* ACTIVITY:
In the entries below, find the line with "ブルー系のシャツ/ブラウス、" and the line with "Elon Musk taler"; give again those lines and every line between them, exactly.

* EXTRACTED MATERIAL:
*** Begin section ***
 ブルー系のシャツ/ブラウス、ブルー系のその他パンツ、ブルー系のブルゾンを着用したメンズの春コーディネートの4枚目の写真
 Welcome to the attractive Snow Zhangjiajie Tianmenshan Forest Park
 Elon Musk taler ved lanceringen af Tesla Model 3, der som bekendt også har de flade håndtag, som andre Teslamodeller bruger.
*** End section ***
*** Begin section ***
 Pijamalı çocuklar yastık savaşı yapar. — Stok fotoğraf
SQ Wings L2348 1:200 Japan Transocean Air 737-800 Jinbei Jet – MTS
*** End section ***
* RESULT:
 ブルー系のシャツ/ブラウス、ブルー系のその他パンツ、ブルー系のブルゾンを着用したメンズの春コーディネートの4枚目の写真
 Welcome to the attractive Snow Zhangjiajie Tianmenshan Forest Park
 Elon Musk taler ved lanceringen af Tesla Model 3, der som bekendt også har de flade håndtag, som andre Teslamodeller bruger.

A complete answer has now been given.